# HPG AC motors direct drive?



## JRP3 (Mar 7, 2008)

Sounds like a bad idea.


----------



## frodus (Apr 12, 2008)

directly, not a great idea

Through a single speed gearbox? maybe, but you need a way to disconnect for high speed driving.


----------



## sholland (Jan 16, 2012)

So, you think reduction would be necessary...

Would I basically calculate the necessary ratio based on max motor rpm and max vehicle speed? Say 100mph, 23.1" tire diameter, 6000 motor rpm using this calculator comes up with ~4.11:1.

What is this motor like when not being run, e.g. 0% throttle? What kind of static drag would it present?


----------



## frodus (Apr 12, 2008)

reduction would be neccessarily IMHO

That's how I'd calculate the ratio, but I'd try to stay in the high torque area of the motor curve. At 6000RPM the torque is lower than it would be if you kept it around 3000RPM. Try to keep max HP RPM where you want to peak.

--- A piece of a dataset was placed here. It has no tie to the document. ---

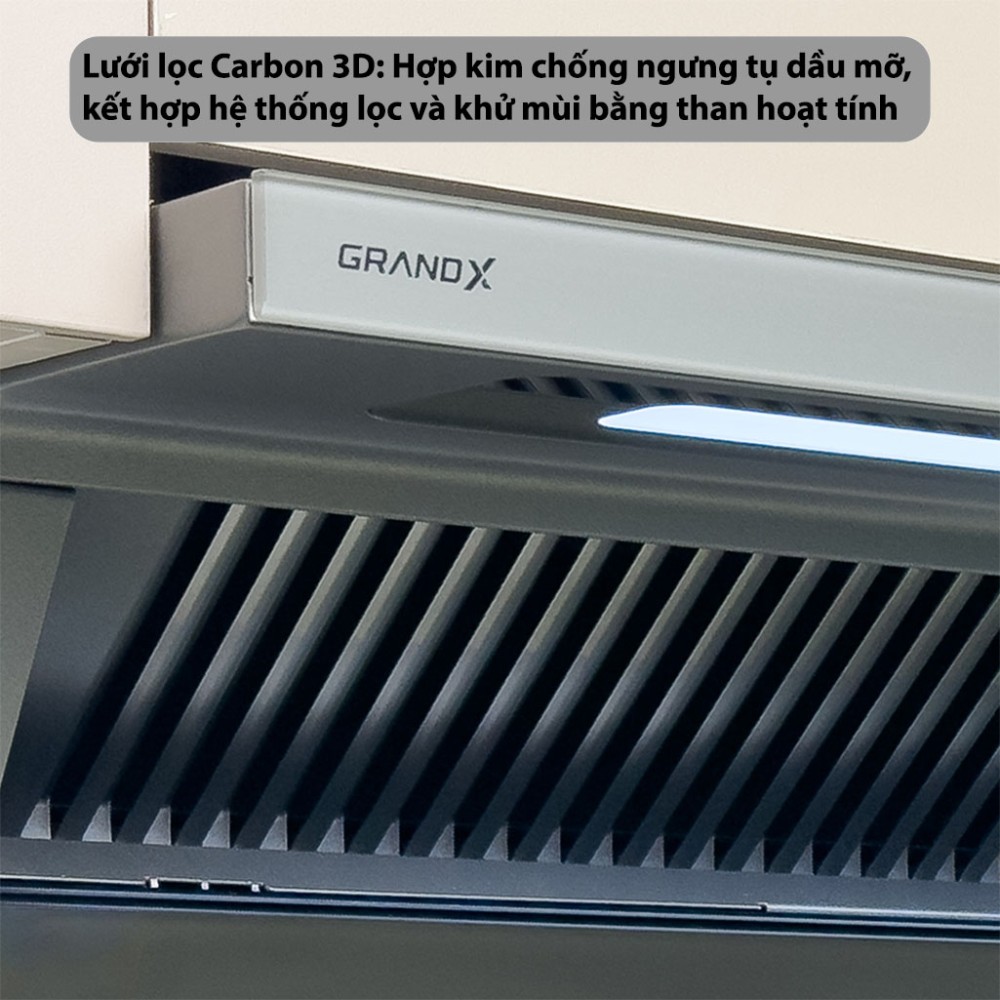 Máy hút mùi kính vát GrandX GX-H70T88G - Hàng chính hãng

The motor itself has an inertial load, you could measure that weighing the rotor. The big thing here, is if you want regenerative braking, it would depend on what the controller is set to. if you set to 100% regen, it would really load down the vehicle, but it would charge the batteries.


----------



## sholland (Jan 16, 2012)

I only used 6000rpm as a 'max' speed that I anticipate the car will ever see. I don't normally drive at 100mph , and honestly, I don't expect that the electric motor alone would power the car when going that fast. Really, electric only at lower speeds would be great, with the ICE coming in when higher speeds and/or acceleration would be necessary.

Hmm, so 4.11:1 reduction means I'll need a differential, therefore a single motor would be best...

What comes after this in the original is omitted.